The Equinox 100 was largely built around circuit boards that Morrow had already designed, while Fulmer provided his electrical engineering expertise in designing the rest of the system. The system was solidly built, the two designers taking notes from computer mogul Bill Godbout and Diablo Data's Bob Mullen on how to make the S-100 bus more robust. By the time of the Equinox's release, hobbyists and corporate buyers had begun to see the Intel 8080 as antiquated compared to Zilog's Z80 microprocessor, however, and the computer sold poorly as a result. The insight on how to improve the S-100 bus standard during the process of designing the Equinox 100 nonetheless prompted Morrow and Fulmer to lobby for a formal specification for the S-100 bus, which eventually became ratified as IEEE 696 in 1982, under their partial authorship.

==Pivot and decline (1979–1983)==
Parasitic by 1979 had changed its corporate headquarters to Albany, California. The company at this time began a pivot to providing after-market hardware upgrades to the TRS-80, a microcomputer line marketed by Tandy Corporation through their Radio Shack stores and catalogs. One of the first products Parasitic offered for the TRS-80 was an 8-inch floppy drive system called the Maxi-Disk, making use of a drive manufactured by Shugart Associates, while the expansion card interface was manufactured by Parasitic. In 1982, the pivot was fully complete, Parasitic offering more disk drives, boards that added functionality to the CP/M implementation for the TRS-80, and a "data separator" board that reportedly eliminated read errors with high-density 5.25-inch floppy drives on the TRS-80.

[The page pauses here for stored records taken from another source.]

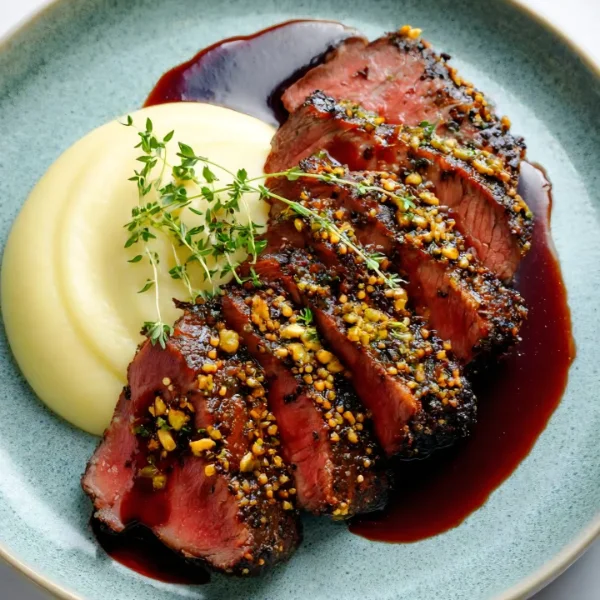 Beef Tenderloin with Red Wine Reduction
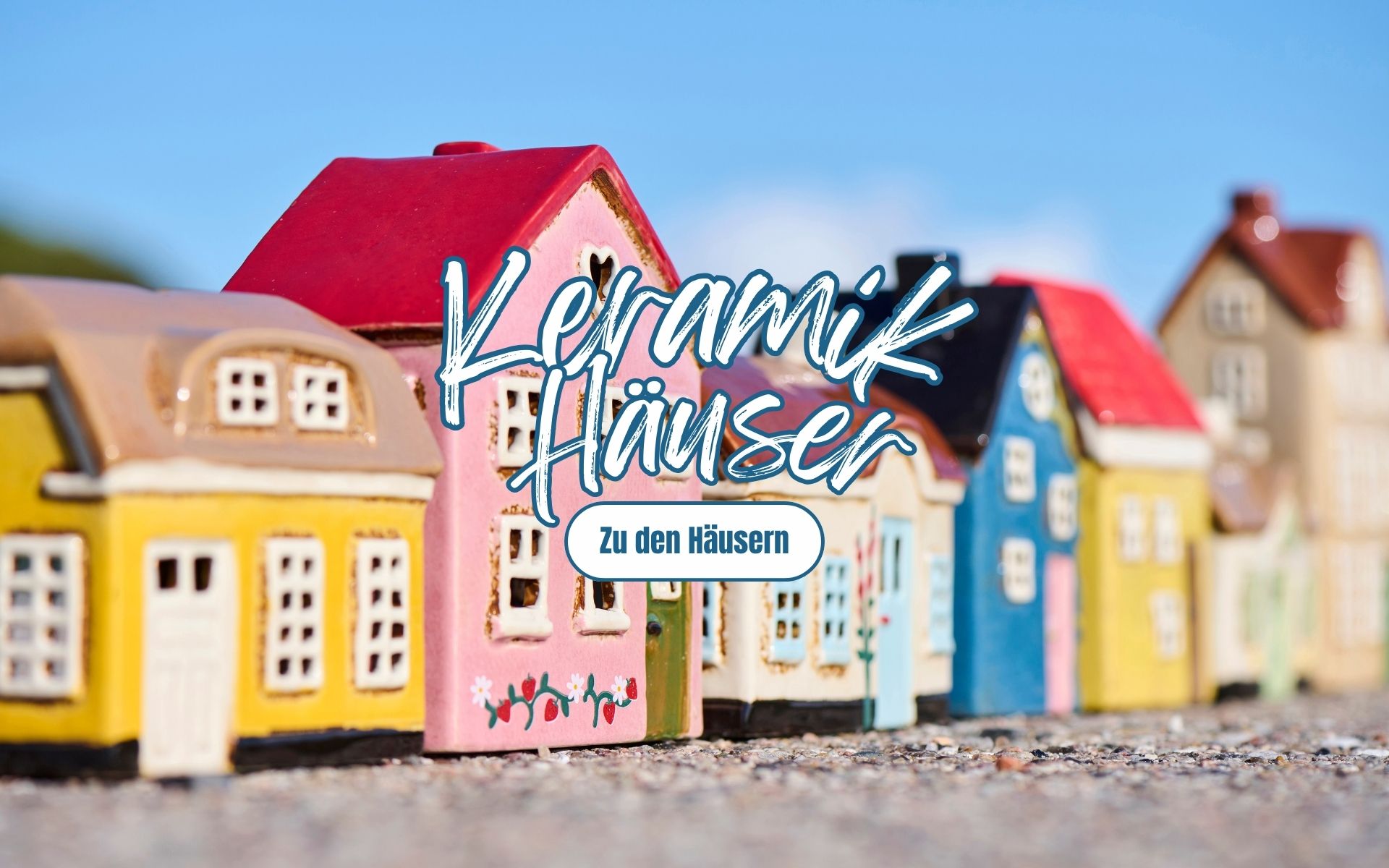 Dänische Keramik Häuser, Lichthäuser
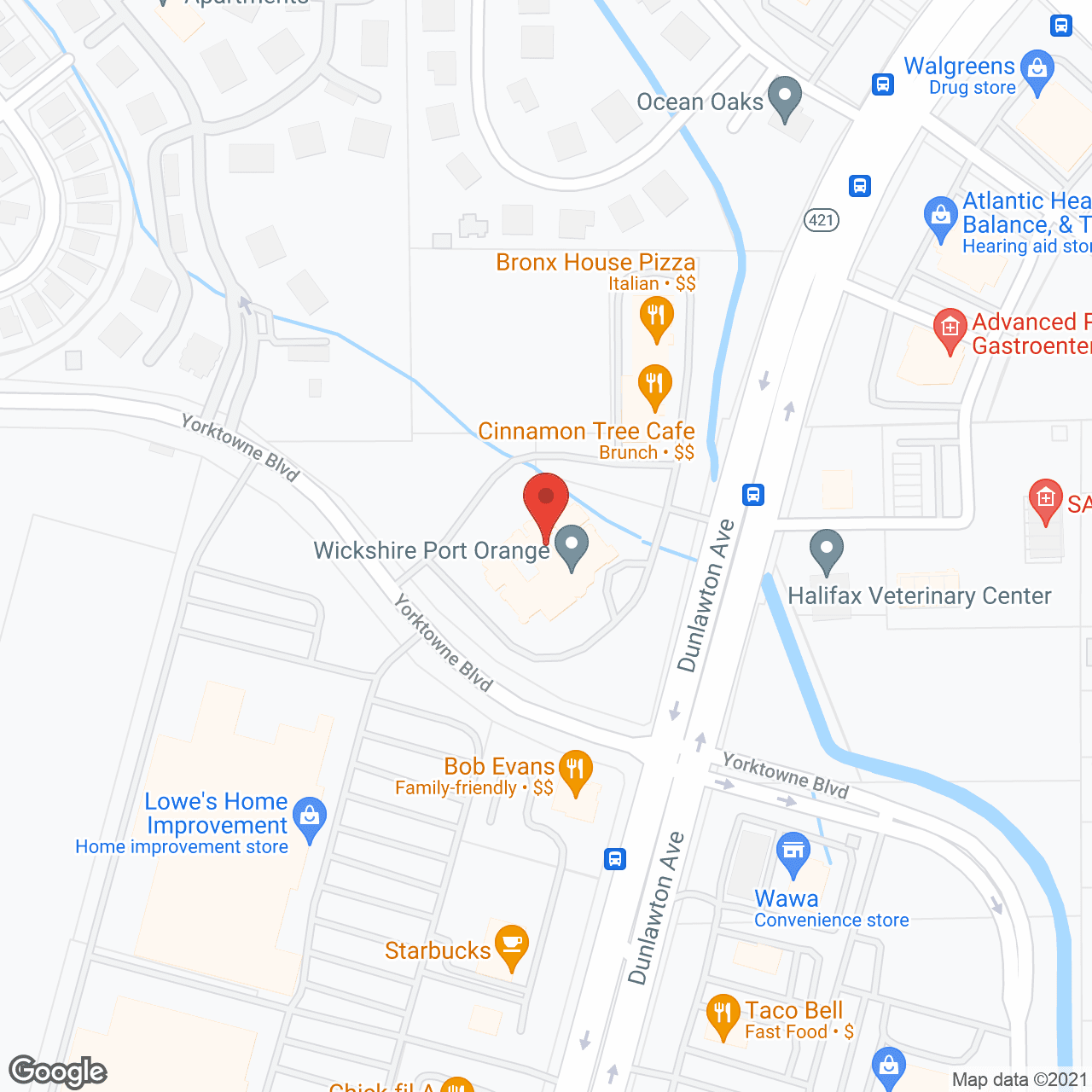 Colliers at Port Orange in google map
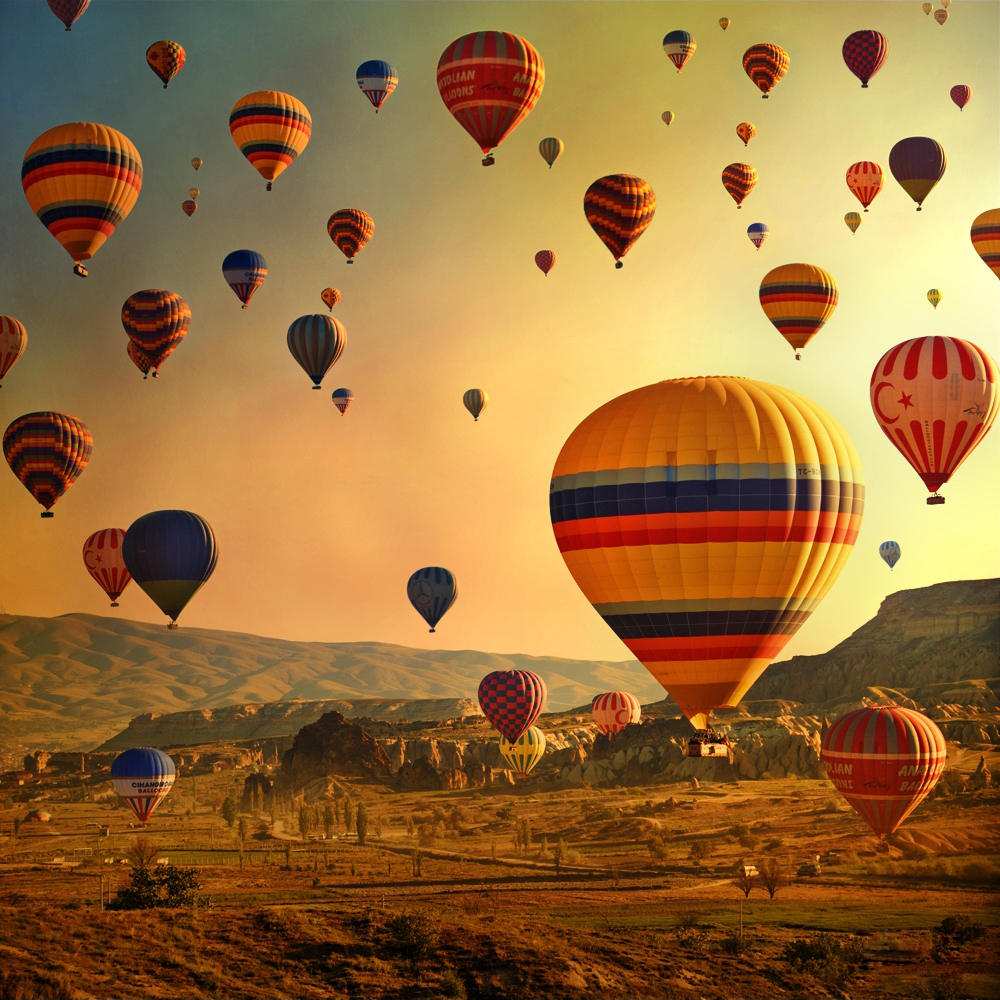 Image - Hot Air Balloons City - HD Wallpaper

The company dissolved when it was suspended from the Franchise Tax Board of California in 1983. Philip H. Dorn of Datamation writer attributed the fall of Parasitic Engineering—as with many other companies that sprung from the success of the Altair—to the IBM Personal Computer becoming a commodity after its release in 1981, leading to the maturation of the microcomputer market where hobbyist-centric companies had difficulty competing.